Quand la Banque du Canada augmente les taux d’intérêt pour faire baisser l’inflation, elle donne le signal aux gouvernements de ne pas aggraver l’inflation avec leurs dépenses. Parfois, les gouvernements utilisent cette excuse pour ne pas augmenter les salaires ou pour éviter d’investir dans les services publics.

Augmentations salariales

S’assurer que les salaires suivent le coût de la vie, c’est une question d’équité. En ce moment, le salaire réel des gens diminue, mais les recettes de l’État et les bénéfices des entreprises augmentent. Autrement dit, on assiste à un transfert de richesse de la main-d’œuvre vers les entreprises.

La Banque du Canada prévient qu’il faut maintenir les augmentations salariales à un faible niveau pour éviter une spirale salaires-prix. Sauf que les salaires ne représentent que la moitié de la valeur de l’économie. Pour devenir problématiques, les salaires devraient augmenter beaucoup plus vite que l’inflation, ce qui n’est pas le cas.

La Banque du Canada veut maintenir les salaires bas aussi pour limiter l’« anticipation d’inflation ». On parle ici de la proportion de la population qui s’attend à ce que les prix augmentent à l’avenir. L’anticipation d’inflation est souvent corrélée à l’inflation réelle, c’est pourquoi la Banque du Canada veut la limiter. Mais cela ne signifie pas que les salaires doivent stagner. Par exemple, la négociation de clauses d’indemnité de vie chère liée à l’IPC rassurerait les travailleuses et les travailleurs sans risquer de dépasser l’inflation future.

Les gouvernements fédéral et provinciaux ont vu leurs revenus augmenter considérablement en raison de l’inflation ; ils peuvent se permettre ces ajustements au coût de la vie. Surtout que les gains salariaux au privé dépassent ceux du secteur public. Les gouvernements devraient montrer l’exemple et veiller à ce que le salaire de leur main-d’œuvre suive le rythme de l’inflation.

Dépenses publiques

Un gouvernement qui réduit trop ses dépenses amplifie les forces économiques qui nous poussent vers la récession et fait porter le fardeau de l’inflation à la classe ouvrière. Les gouvernements doivent intensifier leurs efforts et prendre des mesures pour protéger les gens touchés par la pandémie, par l’inflation et par la menace d’une récession.
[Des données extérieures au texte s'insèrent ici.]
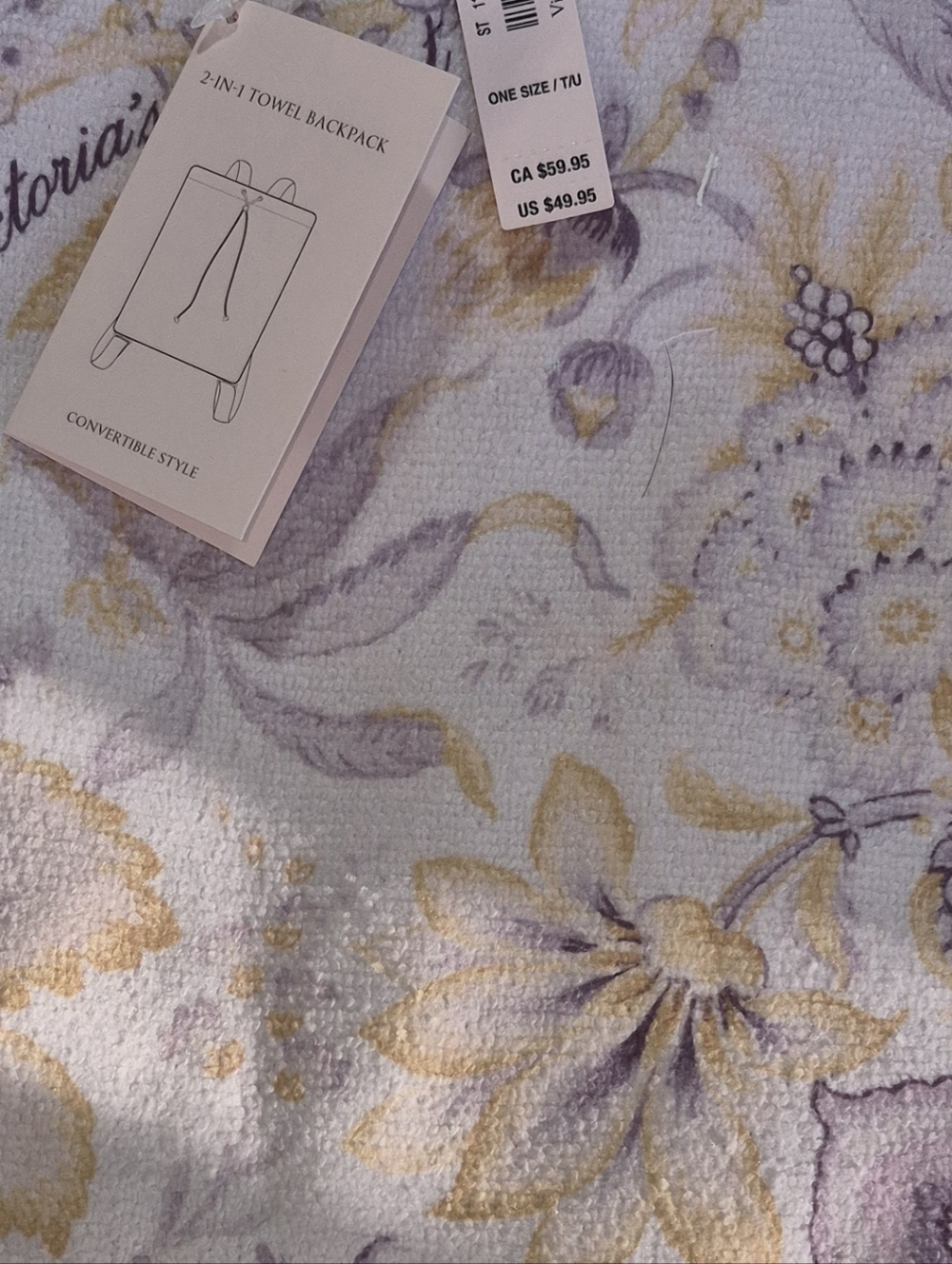 *NEW* Victoria's Secret Floral Terry Cloth Beach Towel - Lavender & Gold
Les gouvernements sont capables de réduire l’impact inflationniste de leurs dépenses tout en maximisant les avantages. Les économistes estiment que les nouvelles dépenses financées principalement par une augmentation des impôts ne sont pas inflationnistes. Il serait donc utile de rétablir le taux d’imposition des sociétés à quelque chose de plus équitable, d’autant plus que les sociétés enregistrent des profits records en ce moment.

Certains économistes pensent que la manière dont l’argent est dépensé importe plus que sa provenance. Leurs travaux suggèrent que les gouvernements devraient privilégier le soutien au revenu des gens qui en ont le plus besoin. Par exemple, l’indexation du soutien au revenu fournit une aide immédiate beaucoup moins inflationniste que l’émission d’un chèque de 250 $ à tout le monde. 

Les gouvernements peuvent aussi lutter contre l’inflation en réalisant des investissements à moyen terme qui offrent des alternatives à moindre coût pour les biens coûteux. Dans plusieurs provinces, le prix des transports, de l’énergie et du logement sont ceux qui augmentent le plus rapidement. C’est donc là que l’État devrait investir. La plupart des dépenses à fort impact dans ces domaines (construction de logements sociaux, subventions à la rénovation écoénergétique, investissement dans le transport en commun) pourraient ne pas avoir de bienfaits immédiats, mais il vaut toujours la peine de commencer ces efforts maintenant.

S’il y a une récession l’année prochaine, comme c’est souvent le cas après une augmentation aussi rapide des taux d’intérêt, les gouvernements prétendront peut-être qu’ils n’ont pas les moyens de faire ces investissements essentiels. Il faudra leur rappeler que les services publics rendent notre économie plus saine, quand ça va bien comme quand ça va mal.